I think proxies are going to be the tricky one, requires someone who
knows about them tbh. But in any case, reporting that your not online
when you are is slightly more desirable that reporting that your online
when your not.

> 2) Needless traffic for people in countries with costly access charges

That's a concern, although many tools and services already attempt to
make requests, updates etc and people from these countries have learned
how to turn things off they find undesirable. Although making the tests
use the smallest amount of bandwidth is also important.

> 3) Who would host this site that is checked?

You'd have a number of them, mirrors of the same file or the same
challenge script that returns a predictable result.

> 4) Do we want to rely on an internet hosted site to determine our
> network status?   What happens when the site goes down or is otherwise
> unavailable?

When it's down, you check the second mirror, then the third and then
conclude that your offline (or the internet has been destroyed by
skynet)

> 5) For most "Home" users if they have a link they are "Online" for all
> intents and purposes.

That isn't true, I work with home users all the time and one of their
problems is the inaccurate reporting of what they want (to be online)
and what the computer can tell them (that they're on a network) there
are all sorts of problems that crop up in all sorts of situations,
especially for people with laptops on wifi networks.

To think that network link is the same as online is to go against the
evidence of user behviour. It's also making it hard to teach, what do I
tell my users? lie to them and say that when it's link they're online?
or tell them the truth and spend 40 mins explaining the complexity of
when they won't be online?

> It might be better to have a troubleshooter
> option that they can run if they can't connect that checks what type
> of link (PPPOE, Wireless etc..) that gives them instructions on how to
> connect and can ping internet sites to determine connectivity and
> suggest options etc...   This way it is more of a troubleshooting tool
> and the items above don't matter.

Instructions for how to fix the problem is a good idea, possibly a
second phaise that you can implement higher up once you have the lower
level detection.

> I personally don't see this as being very valuable and causing
> potential confusion but I am not a developer so my opinion doesn't
> carry much weight  ;-)

Unfortunately experienced users won't find value because they're used to
how it works already. New and casual users on the other hand (and even I
who is a programmer) have had examples of trying to check my email in
evolution and it not getting a connection because my wifi has been stuck
behind a paywall.

It's most definitely a feature which should have always existed.

Martin,



I think you need to be really careful about the use-case here.  I think the blueprint is aiming this feature at home users, so the issue of proxies is vastly reduced.  Also, there's no reason why a tiered approach couldn't be used :

1. Test for http://amionline.ubuntu.com
2. If (1) fails, test for any site and see if the response headers include a 302 or similar code (which many inline proxies will use to redirect you to an accept page - usually for terms and conditions, or possibly to enter your username/password)
3. If (2) fails, test for ping against the default gateway.
4. Report findings back to user appropriately.

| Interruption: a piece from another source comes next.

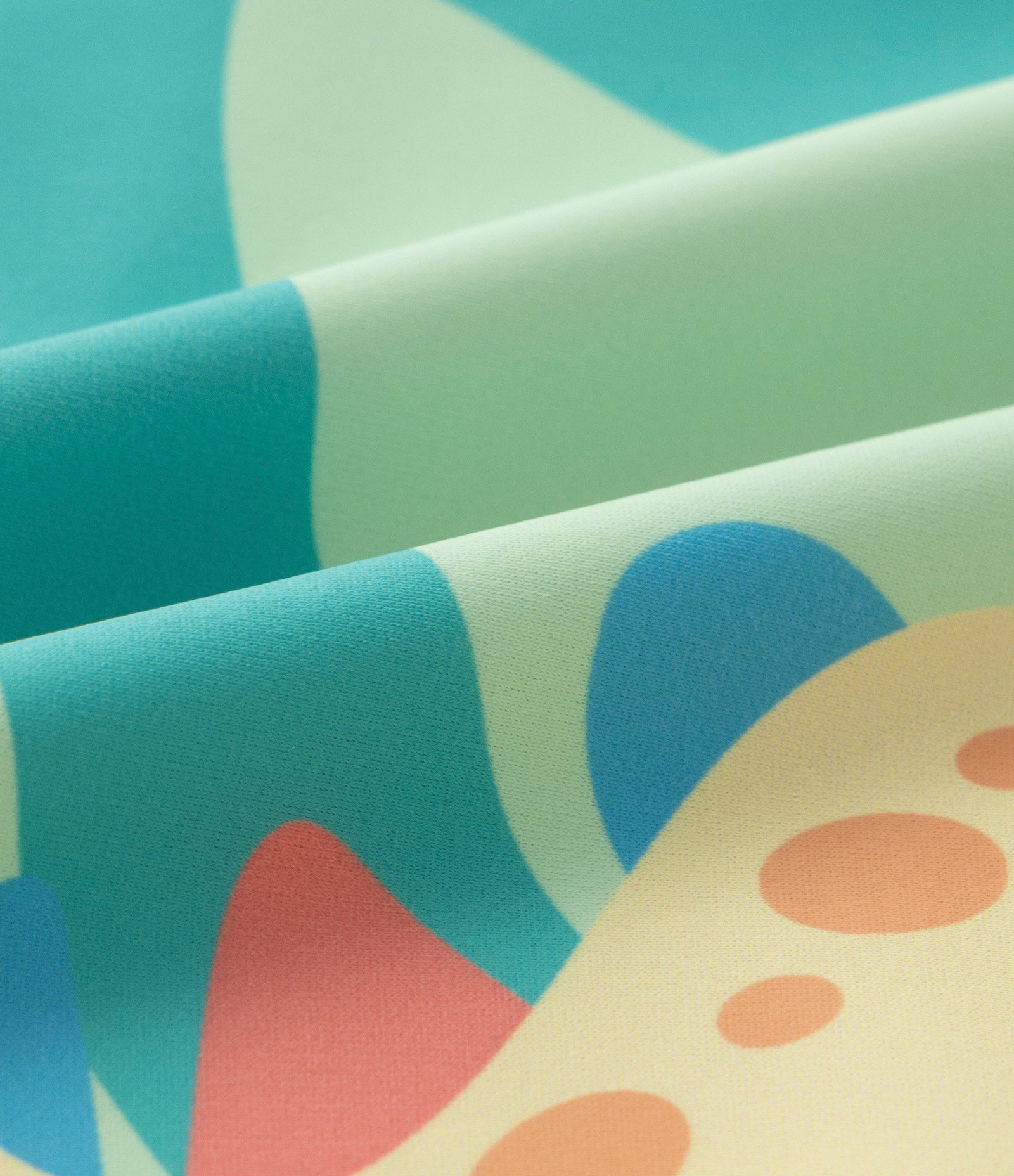 Conjunto Infantil com Proteção Uv e Estampa de Dino - Tam 6 meses a 4 Anos Verde 4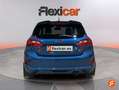 Ford Fiesta 1.5 Ecoboost ST Azul - thumbnail 7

And example error messages could be, based on the above,
All fail : "Your router appears to be down"
3 works, 1 and 2 fail : "Your router does not appear to be connected to the internet"
3 and 2 work, 1 fails : "You appear to be behind a firewall/proxy which requires authentication"
All work : "You are connected to the internet".

That would be a million miles more useful than Vista's vague "Local/Limited Connectivity" rubbish.

I mean, you could probably test for DHCP failing too?  Doesn't network-manager just fail silently in that case (unless you have "static" version of the same network defined)?